A caveat: Sri Lanka is not the only spot in Asia to claim a piece of the Buddha. Temples in Singapore, Taiwan, Japan, and even California believe they possess one of Gautama’s teeth. But in Sri Lanka, the tooth commands a level of reverence not found among Buddhists in these other locales.

“Most Sri Lankans either go in person or watch from television. I’ve been five or six times,” Mishelle, a half-Japanese, half-Sri Lankan living in Tokyo, told The Diplomat. “My father is a Buddhist Sri Lankan and my mother is Japanese. So we all used to go as a family. It’s a very special festival for Buddhists. There are actually many Perahera festivals around Sri Lanka. The one in Kandy just happens to be the biggest and oldest.”

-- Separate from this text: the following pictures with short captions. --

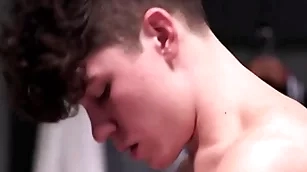 Falconstudios - twink bro gets fucked fast and joins spitroast with hunk muscled doctors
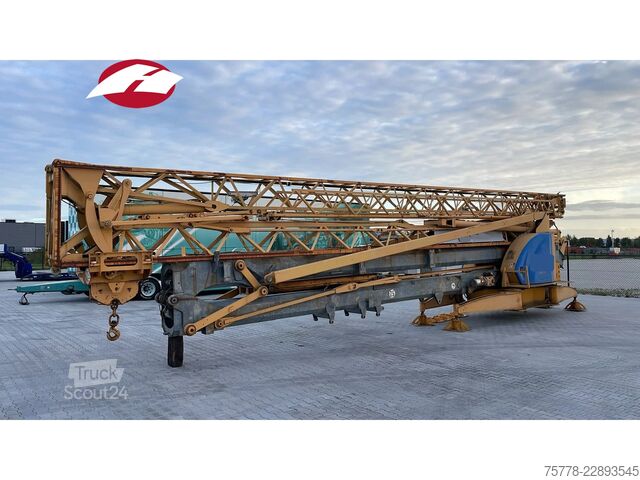 Gru a torre Potain IGO 50 | TOWER CRANE | 40 METER | 4 TON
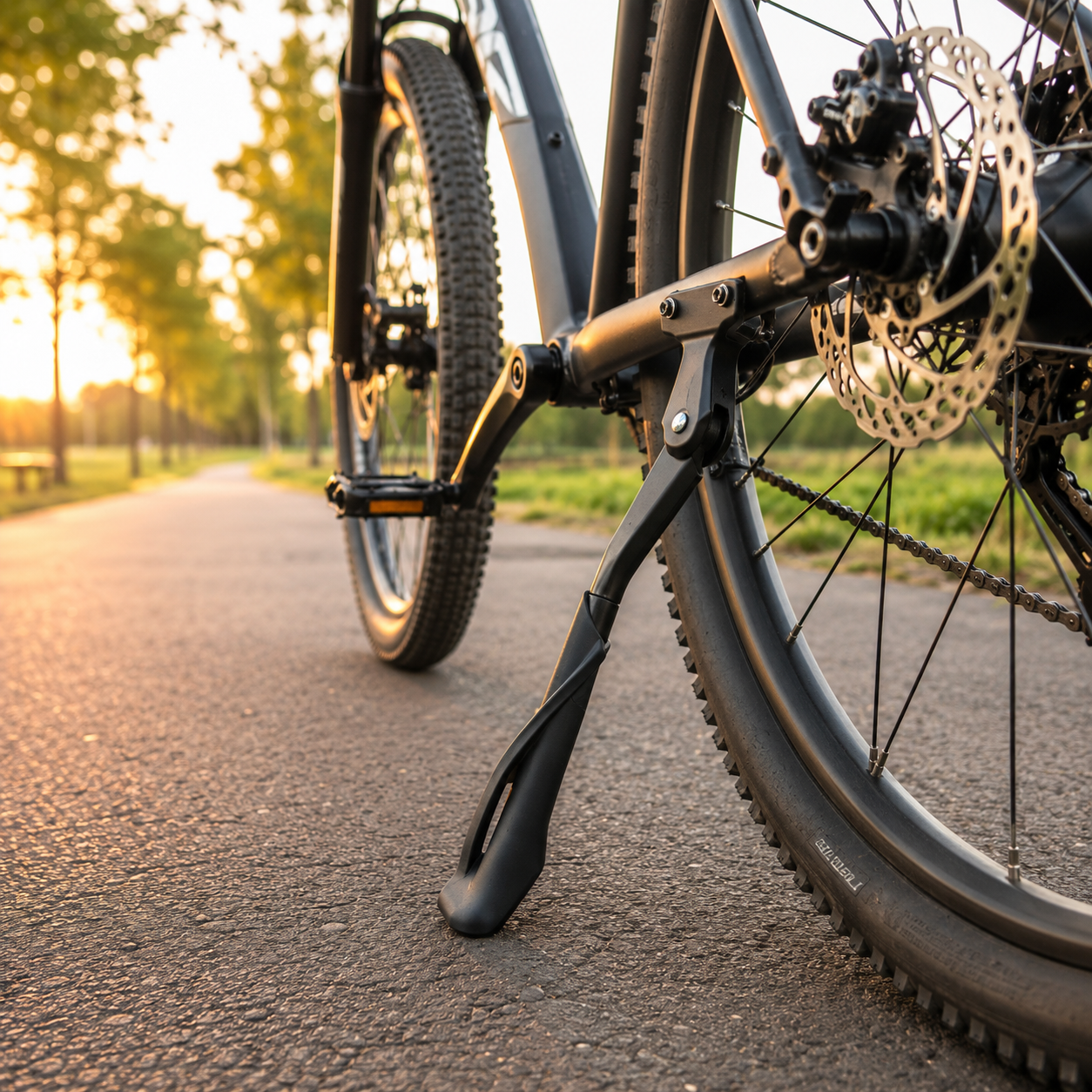 Kickstand – Stable Parking & Strong Support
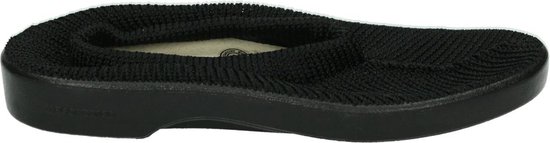 Arcopedico NEW SEC - Dames pantoffels - Kleur: Zwart - Maat: 43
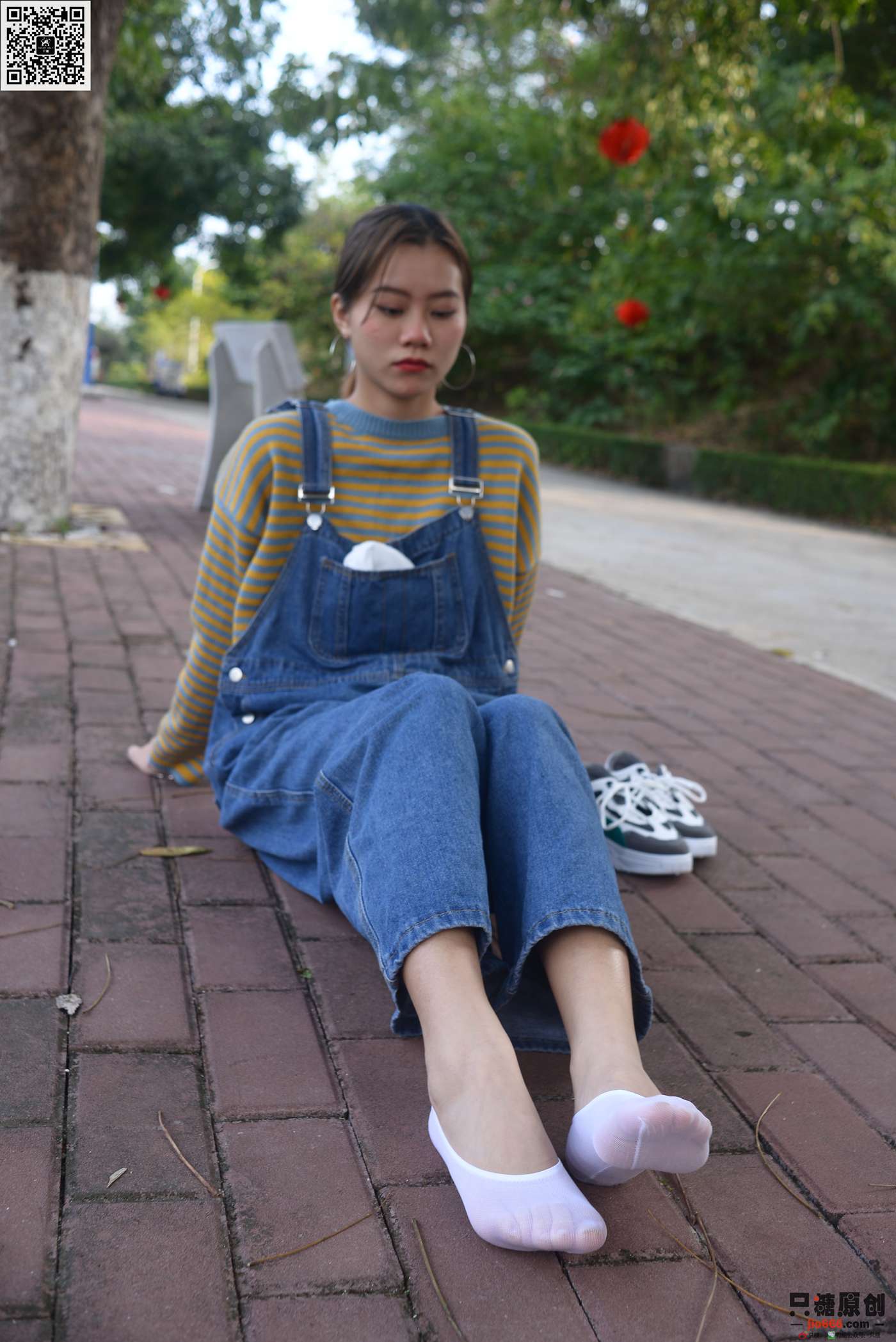 图片[19]-[只糖棉袜]NO.236 彤彤 春山如黛草如烟 [171P] – 速更版-美库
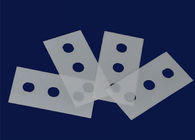 1 Mm Thickness Zirconia Plate Alumina Ceramic Plate With Machined Hole Type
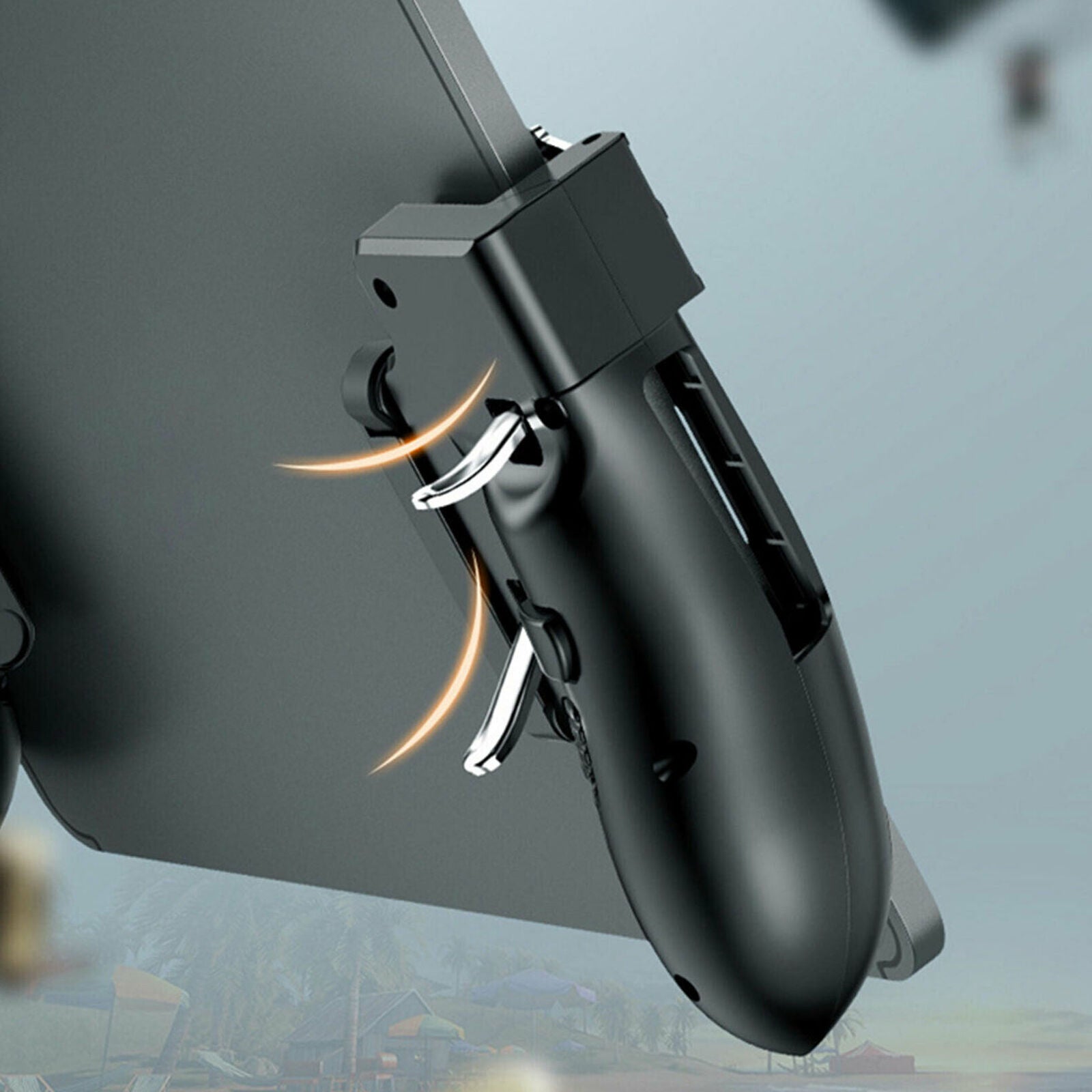 Mobile Phone Gaming Gamepad Trigger Shooter Controller for PUBG iPad Android IOS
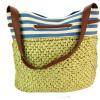 Gioseppo Deya Women&#039;s Navy Nautical Single Handle Beach Shopper Tote Bag New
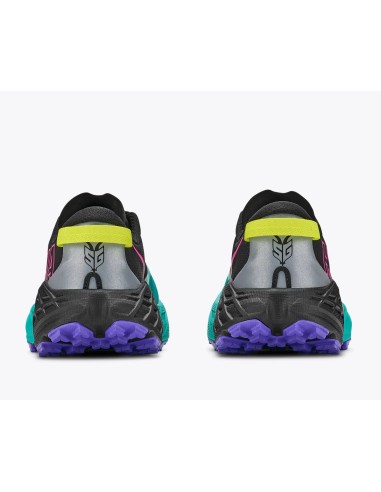 HOKA Speedgoat 7 Mujer black / electric aqua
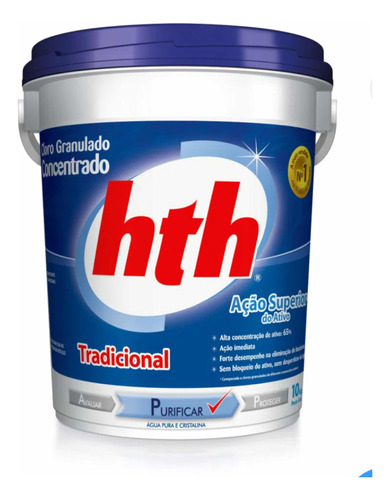 Hth 10kg Tradicional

At Kandy’s Esala, the festival begins with the cutting of a ceremonial jack tree. Pieces of the tree are planted near the shrines of the four Buddhist gods that protect the island, namely, Natha Vishnu, Kataragama and Pattini. Once the planting is done, the festivities begin. On the sixth night – which is tonight for this year’s festival – the atmosphere takes a sober turn when processions begin from each shrine and move in the direction of the Temple of the Tooth.

These processions continue to swell each night until the last night of the pageant, when a massive, specially trained elephant carries a relic of the Tooth Relic in a golden chest on its back as the performers entertain crowds along the route. The procession ends at dawn with a water-cutting ceremony in which four priests representing the four temples enter the Mahaweli River. The priests “cut” circles in the water with a sword and fill pitchers with water from within the circle. The water is then kept in the pitchers for the entire year.

“It’s not just some wild event. It’s actually quite traditional,” Mishelle said. “People are praying to the tooth – three times daily – and bringing offerings, flowers to it. People dance and do all kinds of interesting things for the tooth, for the Buddha. You do also see people wearing masks of ghosts and demons, but this is still all quite traditional.”

With so much taking place, what is the most impressive element of this spectacle?

For Mishelle, it’s not the dancing, fire eating, ceaseless drumming or the throngs of people building by the day. For her, it’s the elephants – and in particular, the one specially trained and tasked with carrying a “relic of the Tooth Relic” (not the actual tooth but something standing in symbolically).

“It’s quite amazing that the animal knows what to do and never acts out of line. It just keeps walking where it’s supposed to go,” she said. “To me this is amazing.”

She added: “We can’t take out the real Buddha’s tooth as people believe that doing so would cause something terrible to happen. But the elephant carries something else in its place to represent the tooth. It almost seems like it knows what it is carrying.”